Molti assassini seriali non agiscono mossi da odio diretto verso la vittima. In diversi casi, l’emozione dominante non è la rabbia, bensì qualcosa di più disturbante e difficile da accettare: un bisogno affettivo deviato, un desiderio di possesso assoluto, la costruzione di un mondo alternativo in cui la vittima smette di essere una persona e diventa una funzione.
Devianza affettiva: quando il legame è distorto
La devianza affettiva non nasce dal rifiuto dell’altro, ma dall’incapacità di relazionarsi in modo sano.
Non c’è empatia autentica, ma appropriazione. L’altro non viene riconosciuto come individuo autonomo, bensì come oggetto necessario a colmare un vuoto interno.
In questi casi, l’atto violento non è uno sfogo emotivo, ma un tentativo malato di stabilizzare una relazione che, nella mente del soggetto, non può esistere nella realtà.
Il bisogno di possesso totale
Alcuni killer non vogliono ferire per punire, ma possedere per sempre.
Il controllo assoluto elimina il rischio dell’abbandono, del rifiuto, del cambiamento. La vittima non può più andarsene, non può contraddire, non può deludere.
Il crimine diventa così una forma estrema di “relazione congelata”, in cui l’altro è immobilizzato nel ruolo che il soggetto ha deciso per lui.
Costruire un mondo alternativo
Quando la realtà non è tollerabile, alcuni individui devianti non la affrontano: la riscrivono.
Creano un universo parallelo fatto di regole proprie, simboli, rituali, oggetti. In questo spazio mentale, la violenza non è percepita come tale, ma come atto necessario, coerente, persino “logico”.
È qui che il confine tra fantasia e realtà si spezza definitivamente. L’omicidio non è più visto come distruzione, ma come parte di una narrazione interna che solo il soggetto comprende.
Oltre la rabbia: capire senza giustificare
Dire che non tutti uccidono per odio non significa assolvere.
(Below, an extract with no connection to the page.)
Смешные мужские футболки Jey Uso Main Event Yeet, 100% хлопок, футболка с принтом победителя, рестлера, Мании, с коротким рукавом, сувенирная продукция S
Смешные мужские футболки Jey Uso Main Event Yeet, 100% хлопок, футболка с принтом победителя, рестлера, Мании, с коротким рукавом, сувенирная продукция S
Significa rifiutare spiegazioni comode e superficiali, e riconoscere che alcune forme di male nascono non dall’esplosione emotiva, ma da una assenza profonda di relazioni sane, da un’identità fragile che cerca di reggersi sul controllo totale dell’altro.
Comprendere queste dinamiche non serve a rendere il crimine meno grave, ma a leggere il male per ciò che è davvero, senza maschere.